Looks like there is a tensor size mismatching. There are 2 questions:

  1. How to run this one ?? Is the configuration file correct?? Am I giving everything right or missing something ??
  2. I saw this universal_demo_batched.py file does not take video input. Is there a way to give video input to this one ?? Initially I was giving 1280x720 @30 fps video input (.mp4 format) but as it was not supporting any videos. Then I extracted the (1280 x 720) frames of the video, put them inside a directory and gave the image directory path as input path.
Chanka0 commented 1 year ago

I'm late on this but I figured out the issue after debugging it myself. In the default .yaml (in my case config/test/480/default_config_batched_ss.yaml) two values need to be set.

native_img_h
native_img_w

By default they are -1 and apparently supplementing them via commandline wasn't enough. Anyway, in the unlikely case this reply helps someone make sure native_img_h and w are set properly so you don't have squished portrait-mode outputs like I did. Whoops.

lpj20 commented 1 year ago

I'm late on this but I figured out the issue after debugging it myself. In the default .yaml (in my case config/test/480/default_config_batched_ss.yaml) two values need to be set.

native_img_h
native_img_w

By default they are -1 and apparently supplementing them via commandline wasn't enough. Anyway, in the unlikely case this reply helps someone make sure native_img_h and w are set properly so you don't have squished portrait-mode outputs like I did. Whoops.

Nice work. @ArghyaChatterjee I encountered the same problem as you. I run the Mseg network on Nividia 3060 platform and the average time to process a frame is about 0.5s (single-scale). According to the writer's reply, I used universal_demo_batched.py, instead of universal_demo.py, and set the native height and width of the pic. It looks very fast!

luda1013 commented 1 year ago

Hallo, i am currently working with enhancing image enhancement paper and algorithm and trying to implement that. In the process, we need to use MSeg-segmentation for real and rendered images/ datasets. i have like 50-60k images. but now i want to test the first 2500 images. The images is from Playing for data, so 1914 x 1052 rgb images. (https://download.visinf.tu-darmstadt.de/data/from_games/)

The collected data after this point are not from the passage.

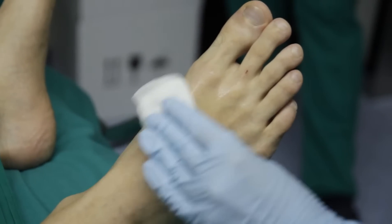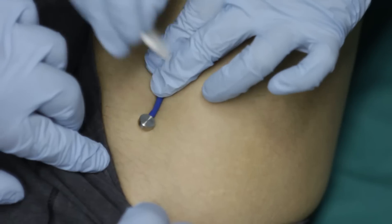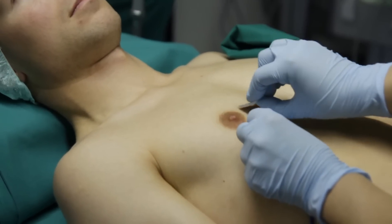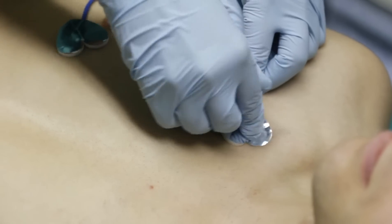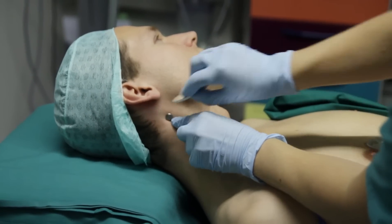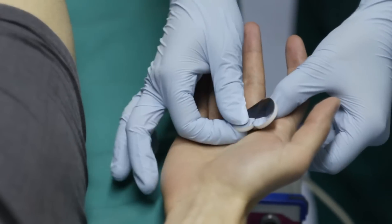Starting from foot to head: dermatome L5 on the back of the foot, L1 in the groin, T4 at the mammillary region, C4 underneath the collarbone, C2 behind the ear, and C7 at the palm of the hand.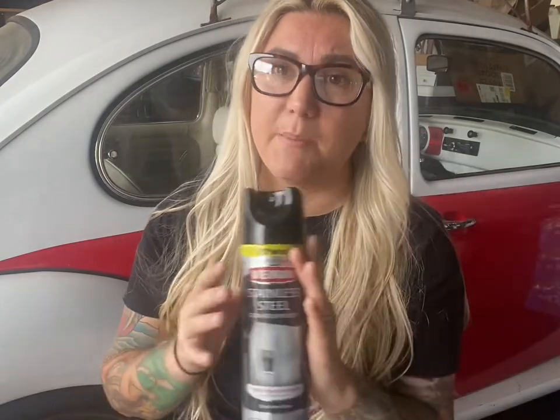My husband really likes this Adam's Detail Spray. If you don't have stainless steel cleaner, or your cart isn't entirely stainless steel, or you have some other surface, this works really well — for the menu board or even your tow vehicle. It's an all-purpose cleaner for painted surfaces where you don't want to use anything erosive. It's really safe for surfaces you want to keep nice and shiny.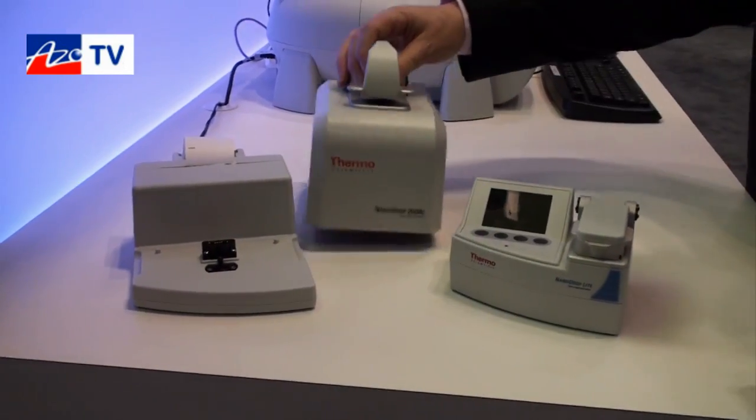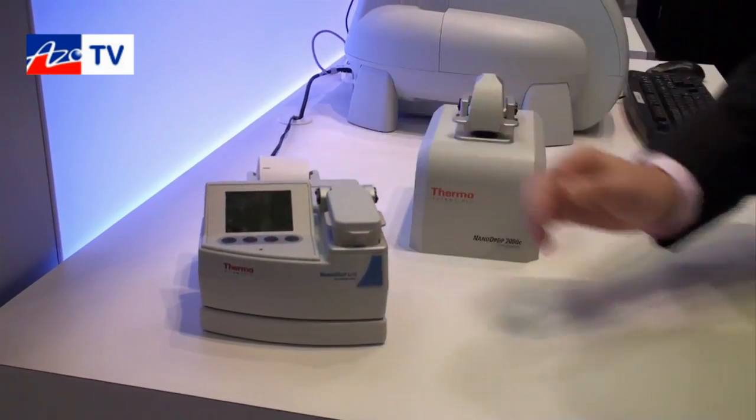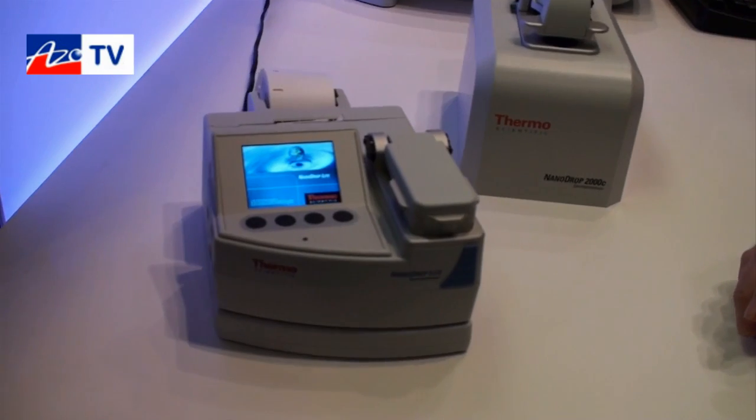It comes with an optional printer docking station. As we place it on the docking station, it powers up.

So the dependencies MSeg-api and MSeg_semantic were already installed. I tried the google collab first and then copying the commands, so i could run the script in my linux also. the command is like this: python -u mseg_semantic/tool/universal_demo.py --config="default_config_360.yaml" model_name mseg-3m model_path mseg-3m.pth input_file /home/luda1013/PfD/image/try_images

the weight i used, i downloaded it from the google collab, so the mseg-3m-1080.pth

But for me, it took 12 minutes just for 1 image.... do u know why so or where i should check it more?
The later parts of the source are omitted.